I am making a simple Sprint batch application that reads from a CSV file and writes it into the database. I want to throw an exception when we try to trigger a job that is already running. So before starting the job, I am checking if there is already a job running using this code
JobInstance lastJobInstance = jobExplorer.getLastJobInstance(job.getName());
if (lastJobInstance != null) {
List<JobExecution> runningExecutions = jobExplorer.getJobExecutions(lastJobInstance);
for (JobExecution execution : runningExecutions) {
if (execution.getStatus() == BatchStatus.STARTED || execution.getStatus() == BatchStatus.STARTING) {
throw new IllegalStateException("Job is already running: " + job.getName());
}
}
}
But In my DB (batch_job_execution table )i see an entry :
| job_execution_id | version | job_instance_id | create_time | start_time | end_time | status | exit_code | exit_message | last_updated | job_configuration_location |
|---|---|---|---|---|---|---|---|---|---|---|
| 13 | 1 | 13 | 2023-08-16 13:36:59.410 | 2023-08-16 13:36:59.459 | STARTED | UNKNOWN | 2023-08-16 13:36:59.459 |
This means that there was some Job that started but never completed and the reason for it is not known. Its exit code shows UNKNOWN. This job was run weeks ago it didn't fail nor completed (The reason is not known) Also when a job has started and is currently going on its exit code also shows UNKNOWN.
I am not able to understand how to filter this job out and make sure to not run a job if it is already running.

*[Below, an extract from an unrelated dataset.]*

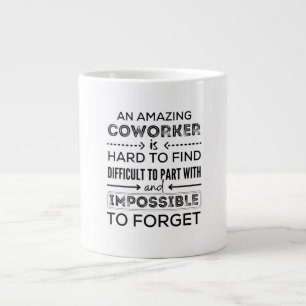 An amazing coworker is hard to find difficult large coffee mug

So now whenever Im trying to run a new job it gives me "Job is already running" error because of this particular entry. Is there any way to filter out this entry because it is a very old entry and it might not get completed or failed ever
My DB batch_job_execution
This is done automatically by Spring Batch if you correctly define your job instances. In your example, if the input file is an identifying job parameters, running the same job instance will lead to a
JobExecutionAlreadyRunningException. So there is no need to write the code you shared and manually check the existence of running executions.Now if the job execution was abruptly terminated, then it is up to you to decide if you want to restart it or abandon it. In this case, you need to manually change its status in the database, see Aborting a Job.